Given material |
· · · ·

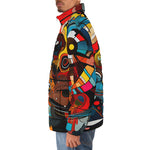 Down-Padded Puffer Jacket Colorful Art Abstracton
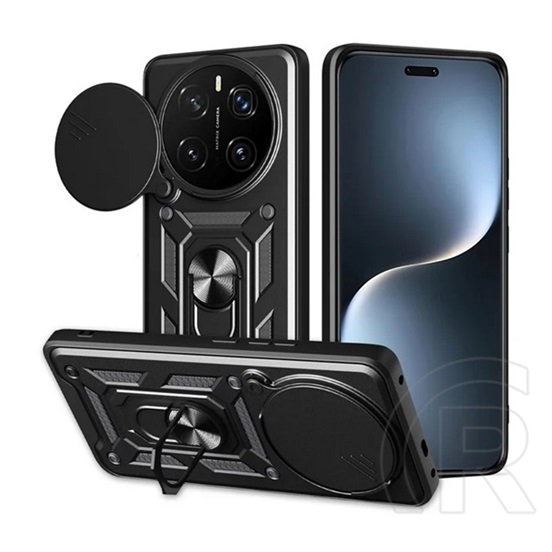 Gigapack Honor Magic 7 Pro defender szilikon telefonvédő (ütésállóság, tartógyűrű, kameravédő) fekete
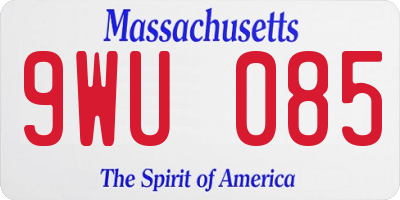 MA license plate 9WU085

· · · ·

Work to complete | Nothing but an exact copy of the data above, minus its pictures, should appear in the response.

Result |
 Down-Padded Puffer Jacket Colorful Art Abstracton
 Gigapack Honor Magic 7 Pro defender szilikon telefonvédő (ütésállóság, tartógyűrű, kameravédő) fekete
 MA license plate 9WU085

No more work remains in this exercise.